E naquele dia ele não veio. Nem no outro, nem no outro.

 Les sons et les parfums tournent dans l’air du soir;
Valse mélancolique et langoureux vertige!
(Charles Baudelaire)

Mércia Pinto (2013)

Um comentário:

  1. Adorei o texto amiga Mercia Pinto. Além de uma bela memória de meu amigo Petrúcio Maia, que foi o primeiro de todos os amigos que conheci entre os musicais do Ceará, também foi ele o responsável por me levar aos demais amigos e parceiros como Rodger, Augusto Pontes, Fausto Nilo, Dedé, Brandão e Yeda Estergilda e até a você amiga Mércia Pinto. Conheci o Petrúcio na Casa Juvenal Galeno, exatamente como você o descreve, em início de 1967. Ficamos amigos logo que nos conhecemos.
    No ano seguinte já na Faculdade de Direito, conheci o Belchior que estudava na mesma classe de meu irmão Emanuel na Faculdade de Medicina.
    Seu texto é carregado de belos códigos da música universal e trata do processo de estilização capaz de fundir a assimilação de códigos populares a códigos eruditos, embora haja certa incapacidade do código erudito integrar a cultura popular, como disse Mário de Andrade.
    Por outro lado não concordo com a ideia de que o compositor brasileiro deve se considerar obrigado a fazer uso de determinados códigos nacionais, como ritmos e melodias e harmonias consideradas canônicas da MPB. Nem pender para o primitivismo, nem para a erudição.
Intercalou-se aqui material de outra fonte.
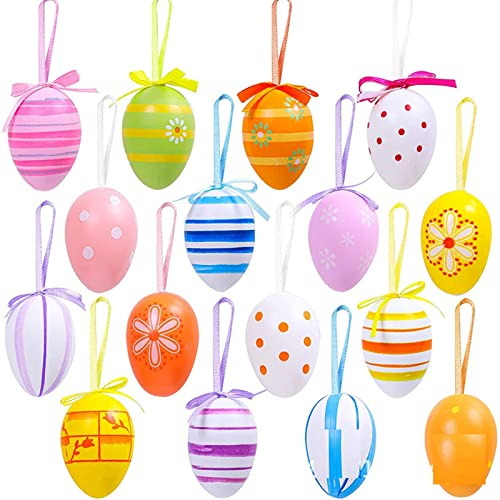 Ostereier Zum,Deko Ostereier,Handbemalte Ostereier Zum Aufhängen,Handbemalte Ostereier, Osterdeko,Osterdeko in Tollen Farben, Deko Ostereier mit Schnur Zum Aufhängen, Zufällige Farbe ,12 Stücke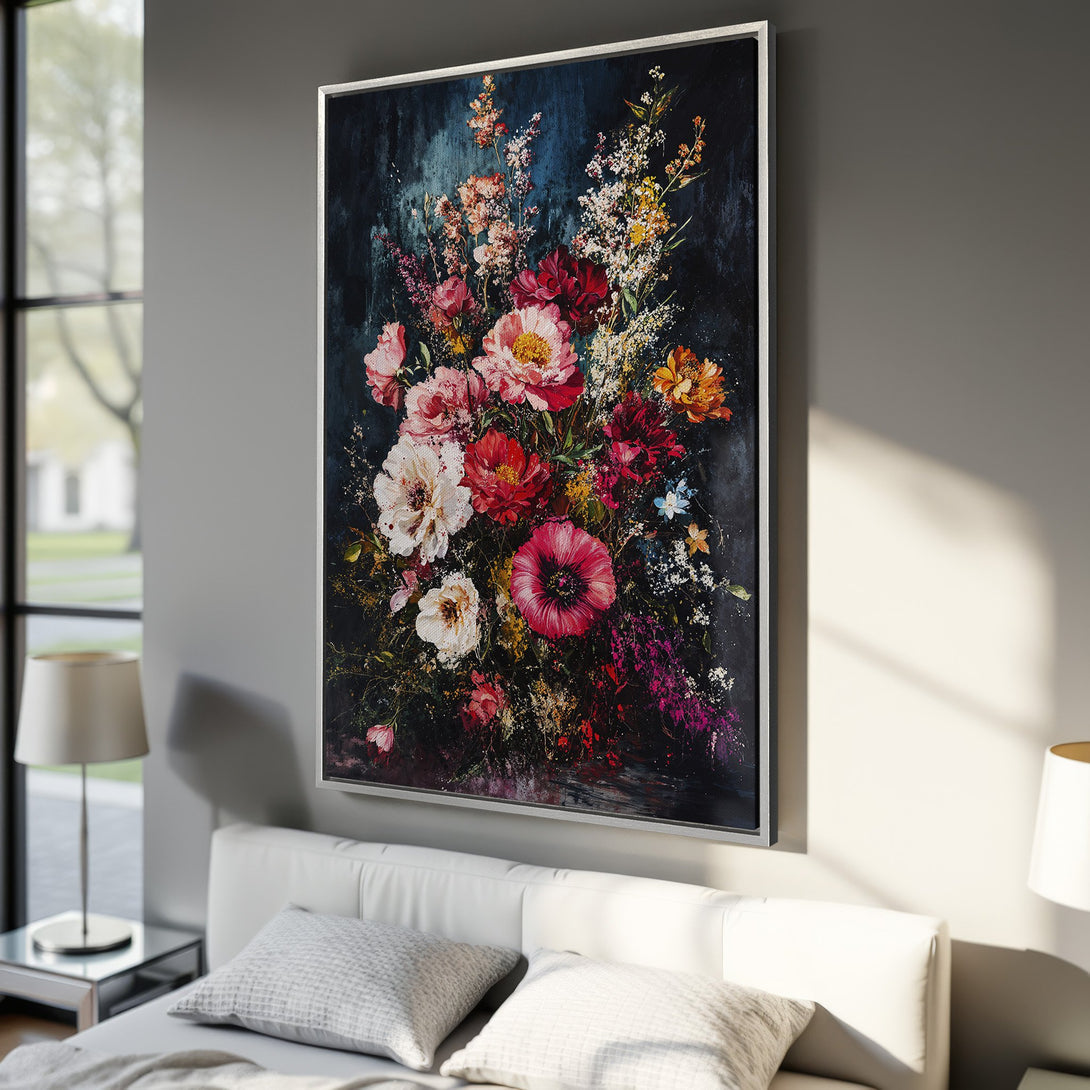 Framed Wall Art: Stunning floral Canvas Print in a modern interior. Features a vibrant bouquet with red, pink, and white blooms against a dark background. Perfect home decor!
Entendo que rótulos são simplificadores. A nossa música se configura antes como autonomia da obra, nos procedimentos de composição, no trabalho com o material musical. Por isso admirei mais ainda o texto que descreve esse seu encontro mágico com um grande compositor brasileiro, livre desses grilhões de nossa tradição e aberto ao que de melhor a cultura universal tem para nos ensinar.
    O texto é lindo. E o admiro mais do que a uma simples literatura. Principalmente porque também tenho formação musical formal. Cursei “Composição e Regência” e ainda “Licenciatura Plena em Música”.
    Adorei o momento do texto em que você escreve: “Bom, eu não vou cansar seus ouvidos nem sua capacidade de ver e ouvir, falando de escalas dóricas ou pentatônicas que ele ‘dragava’ lá de músicas medievais ou de outras culturas para usar em suas composições, mas queria lembrar os acordes alterados e os jogos de intensidade que ele teve tanto cuidado em escrever como queria que fossem executados. Sei que este piano é ruim e meus dedos não estão prontos neste prelúdio, mas dá para perceber como a peça é riquíssima de efeitos timbrísticos e o mais interessante é que quase tudo dentro de sonoridades muito delicadas, como uma aquarela ou desenhos encontrados em ruínas, que só o trabalho de arqueólogos consegue evidenciar.”
    Grande abraço e saudades Mercia. Você me proporcionou bons momentos de lembrança de meu amigo Petrúcio Maia.